Waffentechnologie: Keiner geht hin – und trotzdem ist Krieg

Kanonenkugeln waren das prägende Mittel der mechanischen Kriegsführung, Flächenbombardements das der industriellen. In Zukunft werden Kämpfe von bewaffneten Maschinen bestimmt sein.

Von Michael Schmidt

Der technische Fortschritt verändert das Bild vom Krieg. Kanonenkugeln waren das prägende Mittel der mechanischen Kriegsführung, Flächenbombardements das der industriellen. Inzwischen spielen unbemannte Drohnen und Cybertechnologie Schlüsselrollen. Maschinen ersetzen Soldaten. Das wirklich Revolutionäre am digitalen Upgrade ist: Frühere Neuerungen in der Militärtechnik, ob das Schießpulver, das Maschinengewehr oder die Atombombe, haben die Art und Weise verändert, wie Krieg geführt wird – jetzt aber geht es vielmehr darum, wer Krieg führt.
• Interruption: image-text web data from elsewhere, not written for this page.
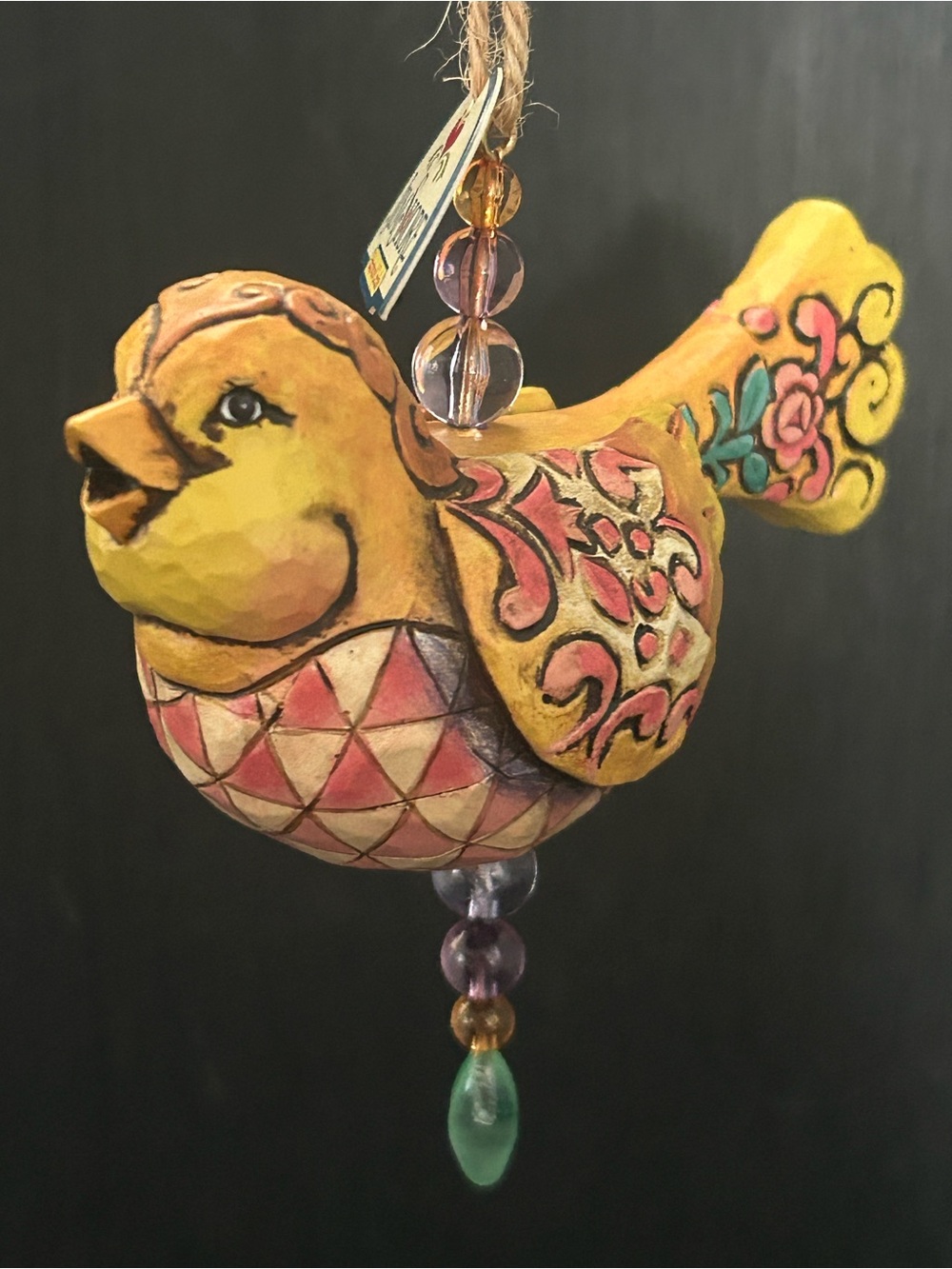 Jim Shore Heartwood Creek Hanging Bird 2000-2009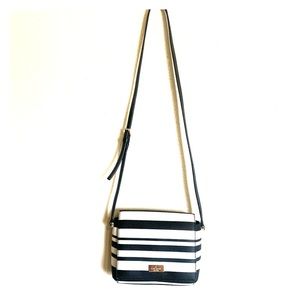 (SOLD) Kate Spade Black & White Stripe Purse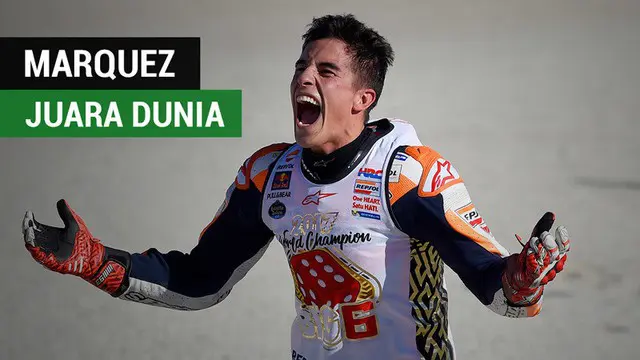 VIDEO: Marc Marquez Juara Dunia MotoGP 2017 di Valencia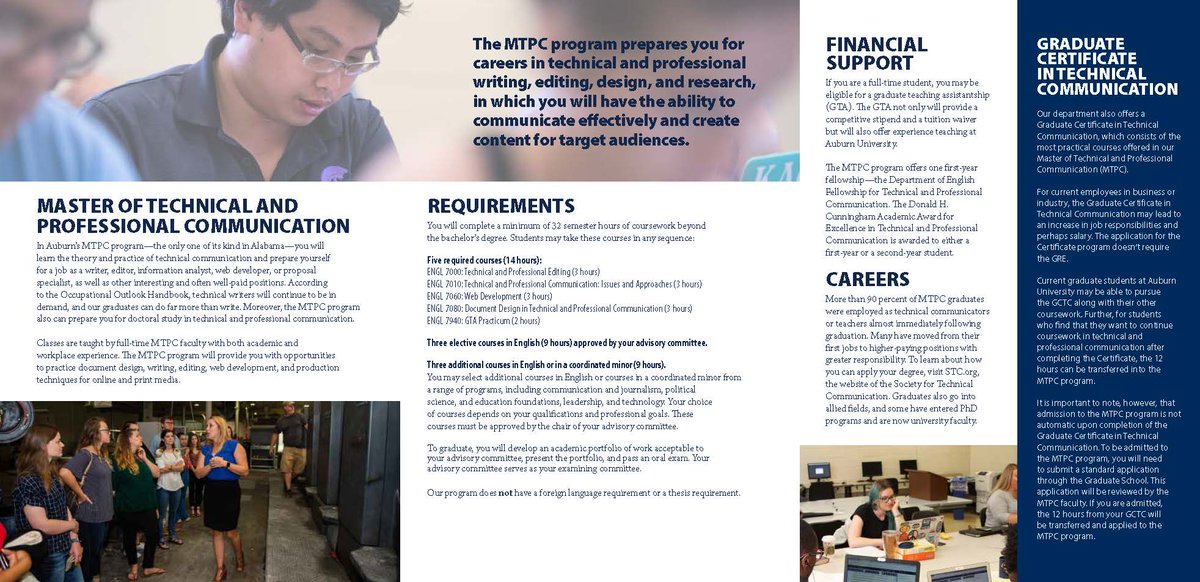 DerekR0ss's tweet photo. Applications for our Master of Technical Communication program are due January 15th. Tell your friends! Tell your neighbors! Come to our website for more information! https://t.co/K6poYkNMtr #teamrhetoric #womeninTC #techcom #SIGDOC https://t.co/ZynK4WM8Lh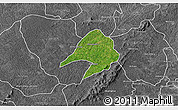 Satellite 3D Map of Tepa, desaturated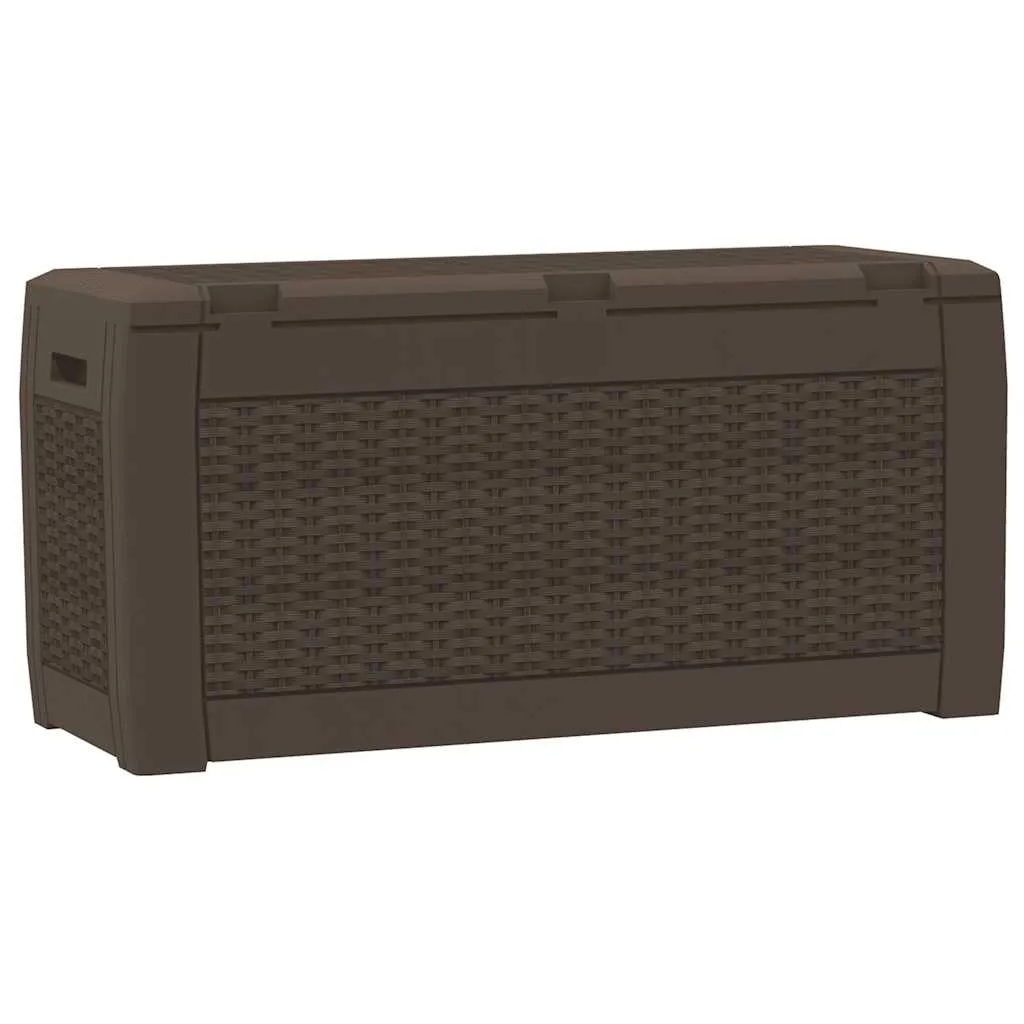 Gartentruhe Braun 119x48x60 cm Polypropylen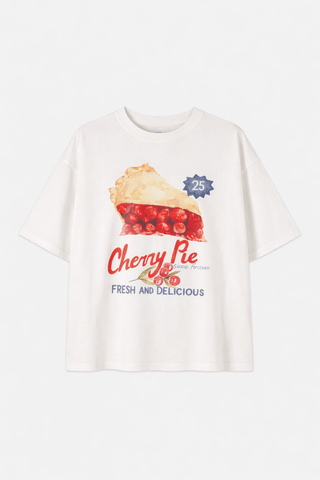 Cherry Pie Oversized Cotton Vintage TeeClothingMAKU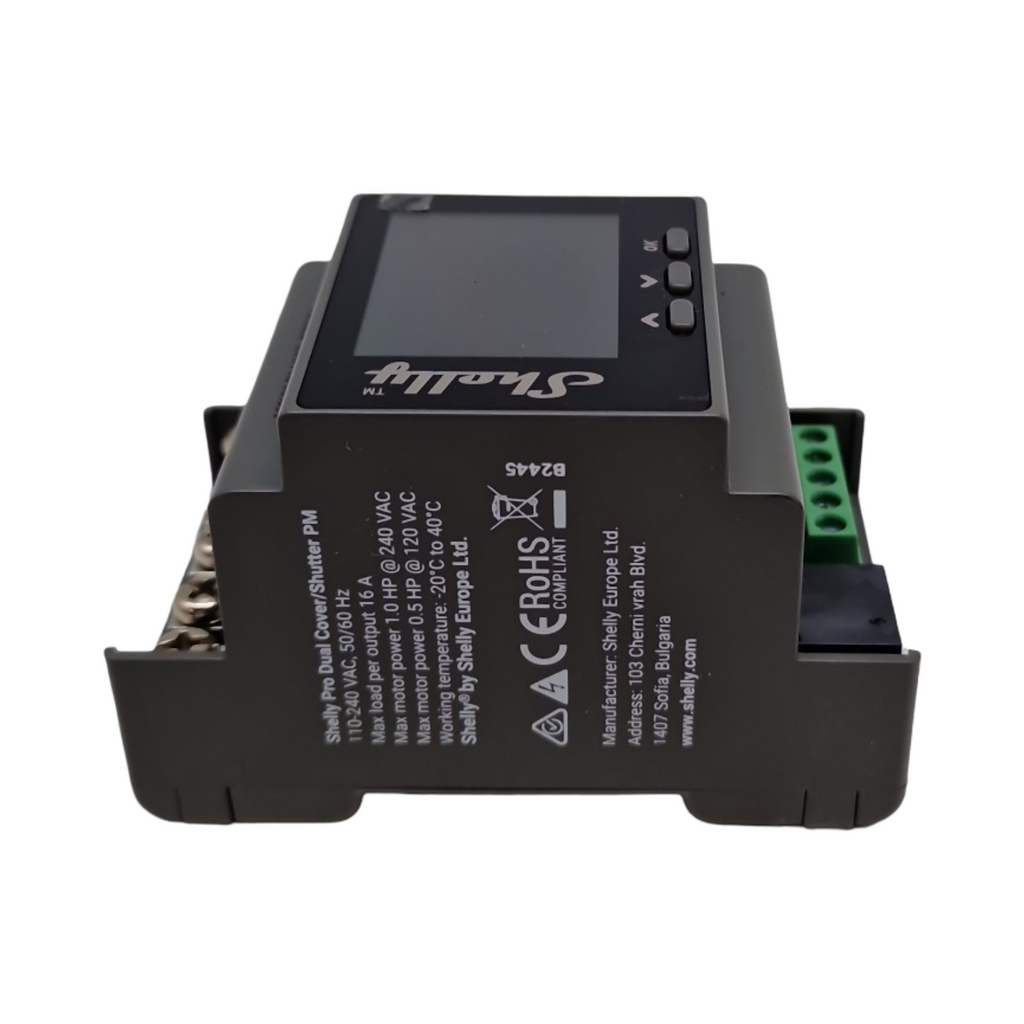 Shelly Pro Dual Cover Shutter PM Smart Jalousien Controller DIN-Schiene LAN WLAN 16A Hausautomation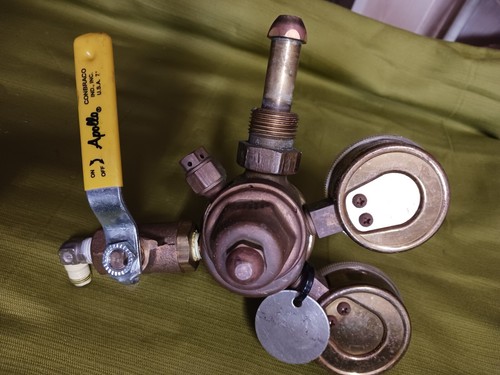VICTOR VTS250D GAS REGULATOR, 2 gauges - Picture 2 of 2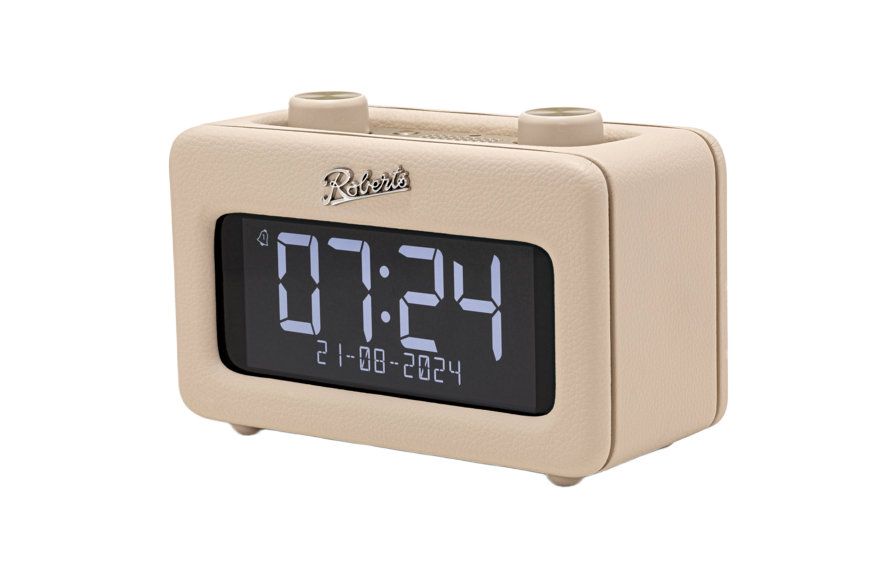 Roberts Revival Rest DAB/FM Bluetooth Clock Radio, Pastel Cream REV-RESTPC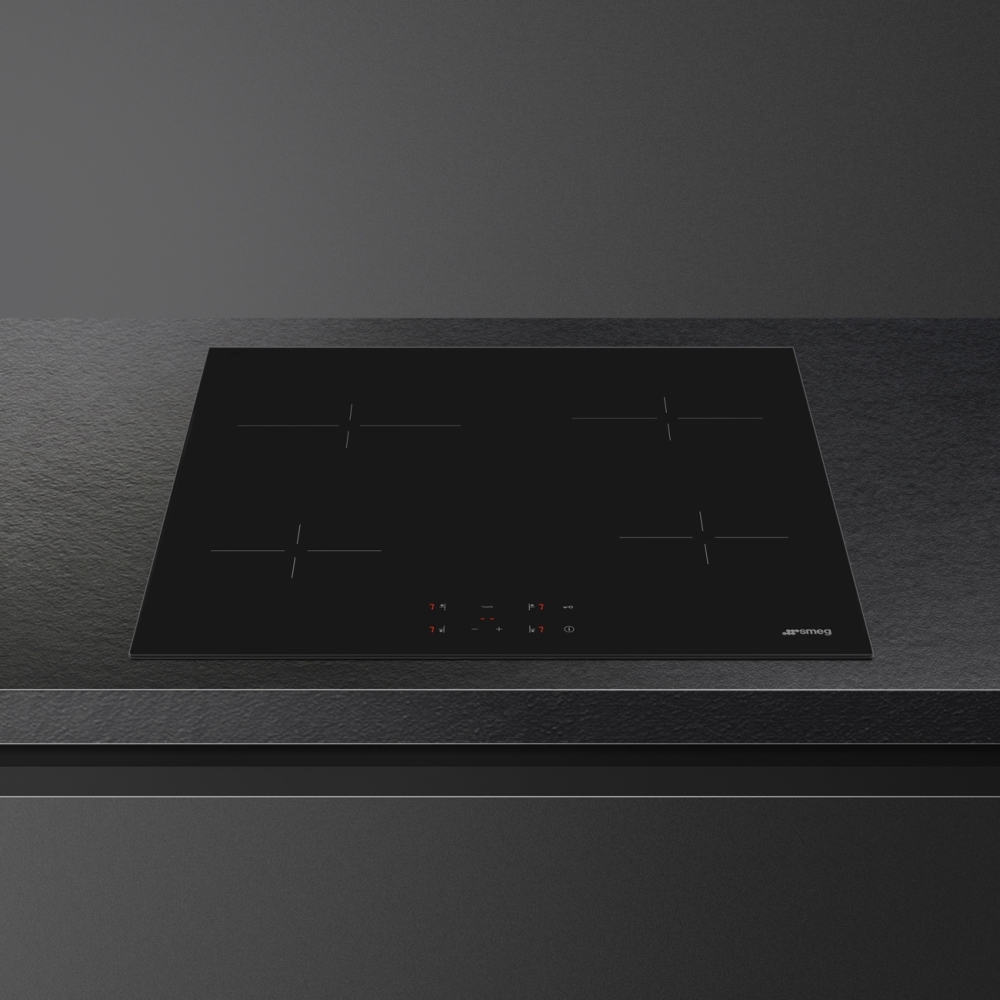 Smeg SE264TD2 60cm Ceramic Hob, Black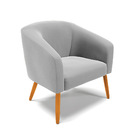 Sofá Namoradeira E Poltrona Pé Palito Castanho Stella Suede D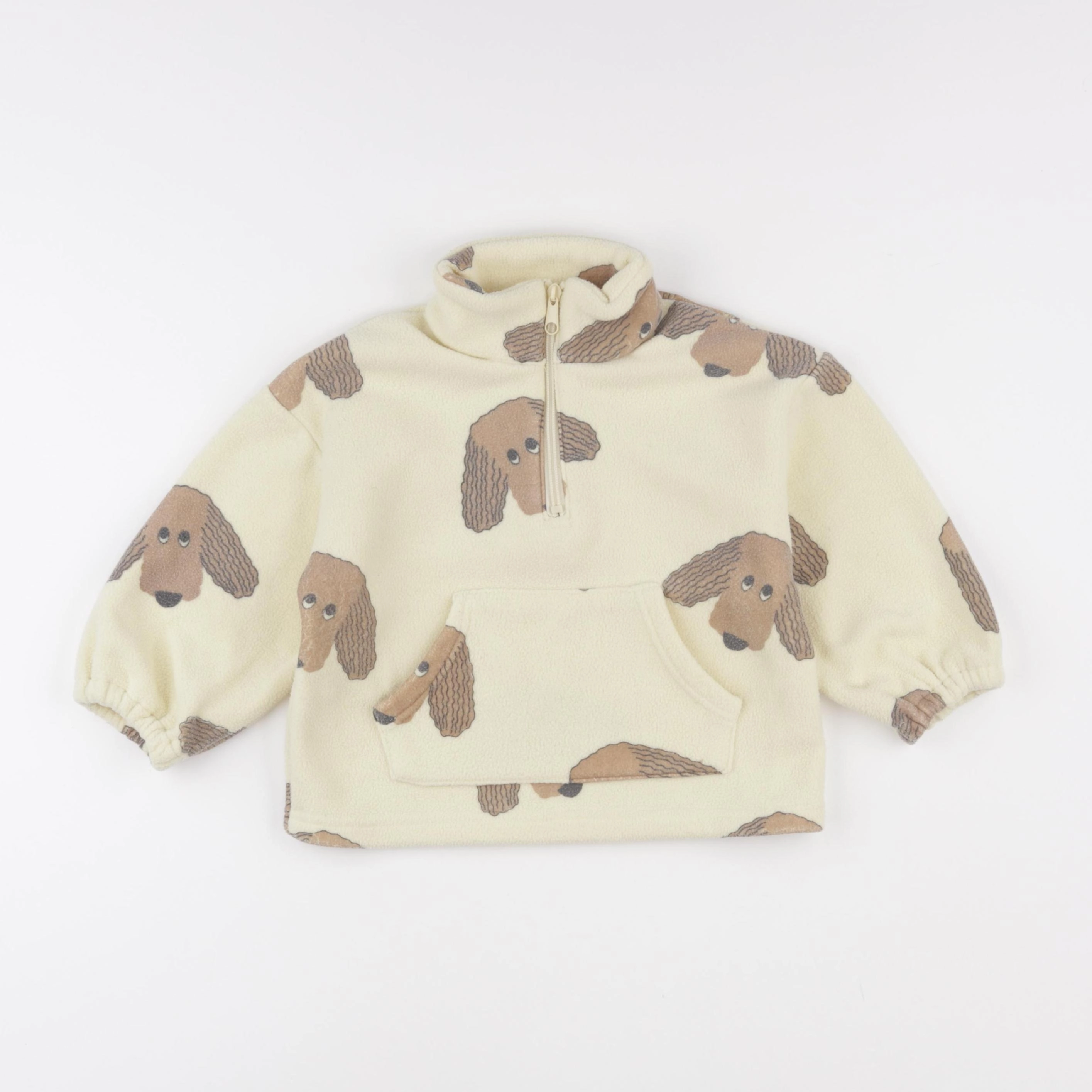 Gamin gamine - polaire beige - 12/18 mois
Das wirft neue Fragen auf. Nicht immer gibt es darauf auch Antworten, wie eine Veranstaltung der Bundesakademie für Sicherheitspolitik jüngst deutlich machte. Unter dem Titel „Auf dem Weg zur Automatisierung und Digitalisierung des Krieges?“ diskutierten Experten über die militärstrategischen, völkerrechtlichen und ethischen Folgen des weltweiten Trends zu unbemannter Technik.

Die Vorteile des technischen Wandels lägen auf der Hand, führte Niklas Schörnig von der Hessischen Stiftung für Friedens- und Konfliktforschung aus. In allererster Linie verspreche sich die Politik neben möglichen Einsparungen, technologischen Vorsprungserwartungen und einer Steigerung der militärischen Effektivität, eine „Minimierung eigener und fremder Opfer“. Denn Krieg ist am Beginn des 21. Jahrhunderts zumindest in der Öffentlichkeit der industrialisierten Gesellschaften des Westens unpopulär. Der Wunsch, er möge „sauber“ sein, ist riesengroß – und die Bereitschaft, Tote und Verletzte hinzunehmen, gering. Dem scheint die neue Technik entgegenzukommen.

Drohnen gehören inzwischen zum bevorzugten Mittel bei der Terroristenjagd der Amerikaner im afghanisch-pakistanischen Grenzgebiet. Auch die Bundeswehr nutzt unbemannte Luftfahrzeuge. Bisher ausschließlich zur Aufklärung, doch die Zukunft, so die allgemeine Erwartung der Experten, wird von bewaffneten Maschinen bestimmt werden. Und zwar solchen, die zunehmend voll autonom, eigenständig, vom Menschen kaum mehr beeinflusst agieren. Maschinen, die keine Müdigkeit kennen, die keine Rente erwarten und bei denen man keine Mütter kontaktieren muss, wenn sie zerstört werden – Maschinen aber auch, die kein Gewissen haben, keine Zweifel, keinen Sinn für Gnade. „Köpfe und Herzen“ der Bevölkerung seien mit solche Waffen nicht zu gewinnen, sagte Schörnig.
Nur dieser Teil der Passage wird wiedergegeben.